THERE'RE A FEW THINGS that seemed to have gone awry. First, your friend yelled at you. In my book, that's not acceptable. I don't think people should ever lose their cool unless it's a life-or-death situation. Getting upset is one thing, but theatrics and lashing out create an unpredictable, unsafe environment that's neither conducive to friendship nor any other kind of healthy relationship. Even if she's upset, she needs to be claim responsibility for her actions and words and pay attention to how they affect others and cut that shit out. That's part 1.
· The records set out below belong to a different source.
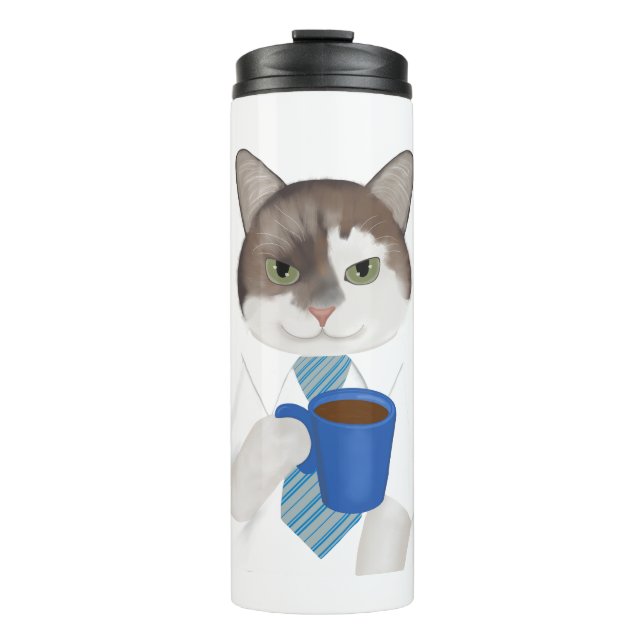 Termo Ami El Tumbler Termal De Gato De Office (Anverso)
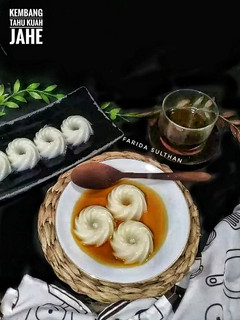 Foto resep Kembang Tahu Kuah Jahe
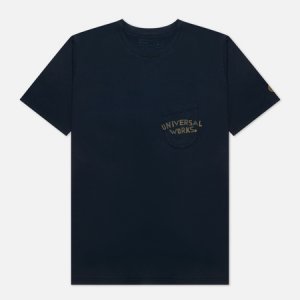 Мужская футболка Print Pocket Organic Jersey Universal Works. Цвет: синий
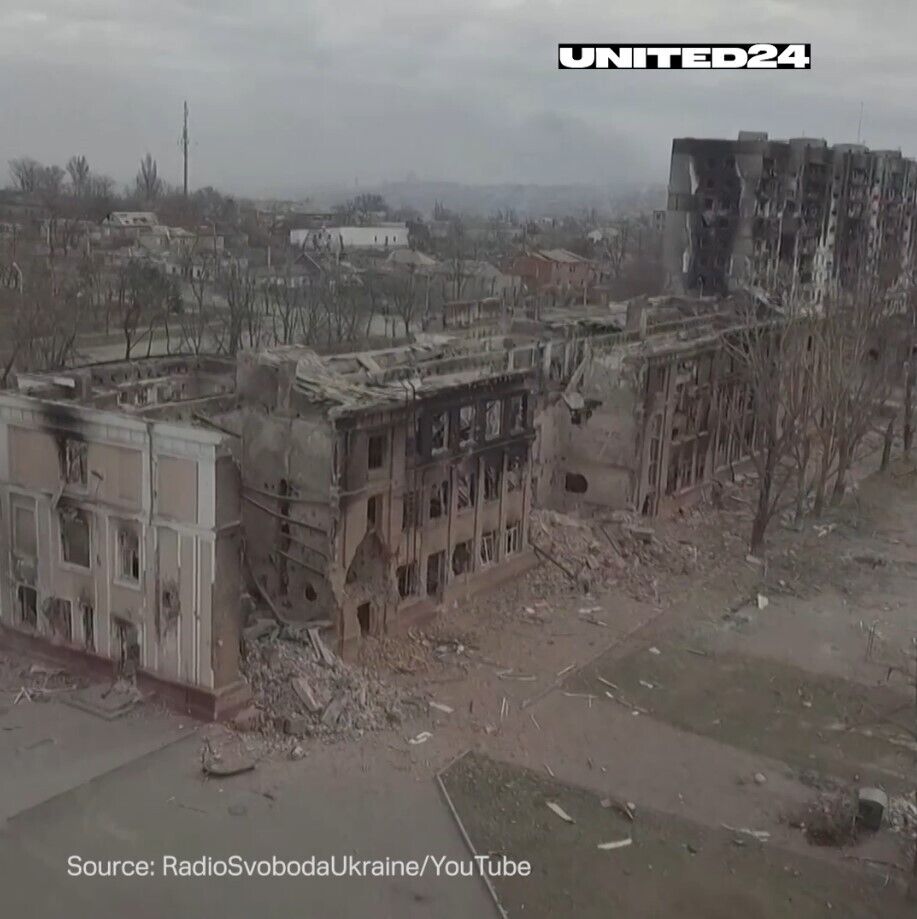 ''Rosja musi przegrać'': Zełenski pokazał ruiny ukraińskich miast po nadejściu ''rosyjskiego pokoju''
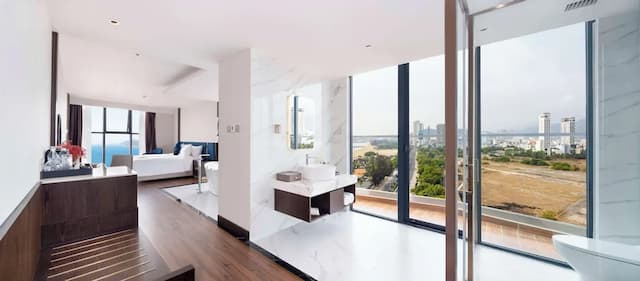 Best Western Premier Marvella Nha Trang-蜜月套房, 1 张特大床, 阳台, 海景-3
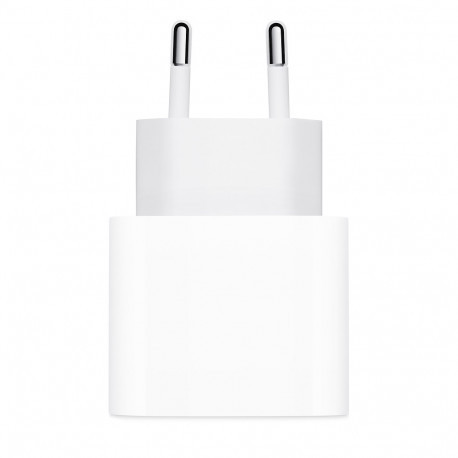 Apple MHJE3 Adaptateur Secteur USB Type C 20W Blanc (Original, En vrac) 011631-01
Part 2 is that she claims she can't remember anything. At best, she has a bad memory or was really drunk. At worst, this is just another tool for her to absolve herself from responsibility. Not only does she let herself lash out, but by claiming she can't remember anything, she can do it over and over with impunity. Regardless of why she can't remember, her inability puts you in a position where you can't talk about what happened and  mend the relationship. So not only are you left disoriented, you've been deprived of your opportunity to find your way back. Double-shitty.

Some people would just walk away. It's certainly an option and I wouldn't fault you for it; although conflict might be a regular part of life, I don't think anger and hostility need to be, certainly not by choice. What's a friendship really worth if you can't relax and trust the person? On the other hand, if this is an isolated incident and you have a lot of history together, maybe you can work something out by talking. If you're contemplating walking away, you don't have much to lose. 

In the end, it comes down to this: there are some things you can change and some things you can't. Some people are set in their ways and don't care to change (or worse, can't). Their habits, addictions, fears, drives, personality, and body pull them in a certain direction. The stronger the pull, the harder it is to effect any kind of change. 

You know yourself, you know you think you're capable of working it out, or will you end up revisiting this issue over and over? Is it worth the trouble? Will you feel "right" in the relationship, or will you always feel like something is off or missing? There's no right or wrong decision. You just have to try and do what's best for you in the long-run.

Update: Asker is dropping her friend in order to cut drama out of her life. Kudos!